Science deals in theories, not conclusions. Theories are always contingent; we strenuously fail to falsify them, accumulate partial belief in them, build on and with them, but can never reach axiomatic mathematical certainty.

Not long ago, the best available theory was that neutrinos had zero mass. It could have been loosely said that science had concluded that this was the case. But the progress of science demands that it does not make conclusions.

A pesky observation (that the wrong kind of neutrinos were arriving on Earth from the Sun) forced that theory to be abandoned. A better theory accounted for the observation (and all previous observations), and entailed a non-zero mass. This is a perfect example of scientific progress.

Axioms are not subject to abandonment. Had the zero mass of the neutrino been treated as an axiom, we would have been forced to reject the observation and the better theory, because the contradiction of an axiom is automatically false.

Karl Popper’s criterion for deciding whether a theory is scientific is whether it could by some conceivable observation be falsified. Theories that can withstand any contrary evidence are called “religions”.

thezman
Karl Popper was wrong. If everything can be falsified, then there is no truth. That’s nihilism.

This is one of those moments when you suddenly realize that someone simply isn’t as intelligent as you had previously thought they were. One does not need to be a Popperian to recognize the obvious fact that many, if not most, scientific conclusions are intrinsically provisional, if not based entirely on false foundations. The Zman is making a common error in confusing the scientific method with a means of determining absolute truth; scientody is actually nothing more than a tool for determining what is not true from a material perspective and therefore can only ever be a means of narrowing the possible scope of the truth of things that remain firmly within the temporally accessible aspects of the material realm.

History, for example, is a matter of firmly established fact, and yet remains largely outside the realm of science and its conclusions.

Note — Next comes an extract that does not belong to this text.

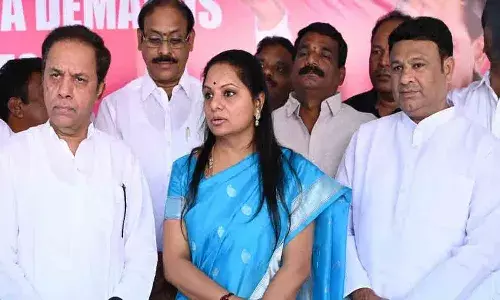 కేంద్ర ప్రభుత్వ విధానాలు జాతీయ ఆహార భద్రత వ్యవస్థకు ముప్పు: కవిత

In claiming that a correct understanding of science is nihilism, he confuses the subset of observable facts with the much larger set of scientific conclusions. And in asserting that science is about the accumulation of axioms with the alternative being nihilism. he demonstrates that he understands neither science nor mathematics nor the philosophy of science. Or, for that matter, nihilism.

Speaking of etymology, it seems we’re going to need to coin a new term for this sort of high midwittery.

UPDATE: I don’t think the Zman properly grasped what John Derbyshire was saying at all. But I will post my response to Derb’s comments in a separate post.

UPDATE: Yeah, he’s just not very bright. He didn’t even hesitate to double down in response to this post.

Much more is known now about the natural world, than was known fifty years ago, and much more was known then than in 1580. So there has been a great accumulation or growth of knowledge in the last four hundred years.

This is an extremely well-known fact. Let’s call this (A). A person, who did not know (A), would be uncommonly ignorant. To assert that all scientific conclusions are open to revision, as Vox Day has done, is to deny the existence of (A). I see he is now pushing around the goal post on wheels to try and obscure the fact he made a ridiculous statement, but that changes nothing.